Sachez, monsieur le rapporteur, que le Gouvernement est en train de faire avancer le chantier des libertés numériques et des moyens consacrés à la lutte contre la cybercriminalité. Le ministre de l’intérieur en a d’ailleurs présenté les grandes lignes cette semaine lors du forum international de la cybersécurité.
Un groupe de travail interministériel se réunit régulièrement avec des représentants des ministères de l’économie et des finances, de la justice, de l’intérieur, du redressement productif et de l’économie numérique, dont les conclusions seront remises dans les prochains jours.
Nous attendons en particulier des propositions pour améliorer l’organisation et les moyens des services que vous avez évoqués, mais aussi pour offrir aux citoyens un dispositif plus lisible et plus proche de leurs préoccupations.

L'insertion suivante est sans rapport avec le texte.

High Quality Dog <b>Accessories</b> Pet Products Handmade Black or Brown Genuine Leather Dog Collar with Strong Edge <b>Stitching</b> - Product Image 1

Nous sommes donc à l’écoute des remarques que vous venez de formuler mais il n’empêche que, dans le cadre de ce projet de loi pour l’égalité entre les femmes et les hommes, je vous demande, mesdames et messieurs les députés, de bien vouloir étendre la protection existante contre les messages de haine raciste, antisémite ou d’apologie de crimes de guerre aux messages de haine sexiste, homophobe ou handiphobe.
Avis défavorable à ces amendements de suppression.